Hours later, two-time defending champion Allen Moore pulled into the checkpoint. He said he’s right where he wants to be. “Well, the last two years, I came in here second, so I like coming in here second.”

Allen Moore, from Two Rivers, says he banked rest early for the second half of the race.
Credit Julien Schroder / Yukon Quest

Moore is in the hunt, from here on out. “The closer we get, if I get close to Brent, then it will be more of an advantage to me, I think,” said Moore.

Moore’s advantage is that he will know where Sass is and how long he is resting.

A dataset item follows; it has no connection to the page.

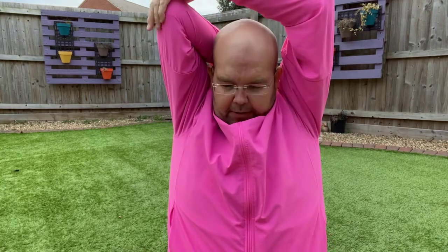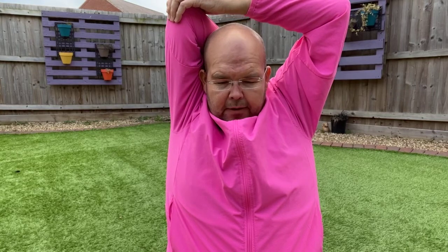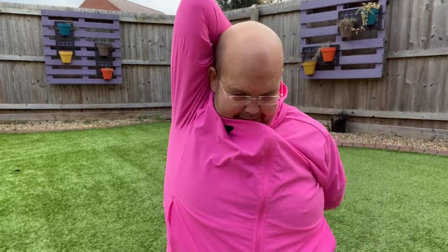Okay, let's change onto the other arm — exactly the same: hand behind the head, push the elbow back. If you want to increase the stretch, pull. And then the third stage is to...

Out on the trail, Moore also rested his dogs for a few more hours than Sass. “Hopefully this will help at the end of the race, because they didn’t get pushed too hard,” Moore said. “I added a lot more rest, where it seems like everyone else is taking away and going on longer runs.”

“I’m just hoping for a huge snowstorm and maybe slow them both down,” said Hugh Neff.

When his tired team arrived in Dawson, his handlers were waiting with chunks of raw chicken.

Hugh Neff arrived in Dawson City with a tired dog team. He says his team needs to regroup and he needs to rework his pan for the Alaska side of the trail.
Credit Julien Schroder / Yukon Quest

  Neff’s dogs have the least amount of rest of any team running in the top ten.  The Tok musher has a team of mostly veterans, with a few young dogs mixed in. “I don’t like the way we’re running right now. Basically I’ve been running and kicking the whole time because half my team is not doing anything, so I’m pretty wiped out.”

Neff plans to drop his young dogs for the next half of the race. Even with experienced dogs, he says it’s unlikely he’ll make up time on the two teams ahead. He also had a warning for Brent Sass. “Allen Moore is Allen Moore.  He knows how to pick apart leads. I should know about that, so those guys are going to have fun going at it with each other,” Neff said.

According to a weather forecast, temperatures may finally warm to above zero, which could challenge for Brent Sass’s large, thick-coated dogs. But there’s also a little snow in the forecast, which might challenge Allen Moore’s petite, short-legged team. There are still more than 500 miles of trail ahead.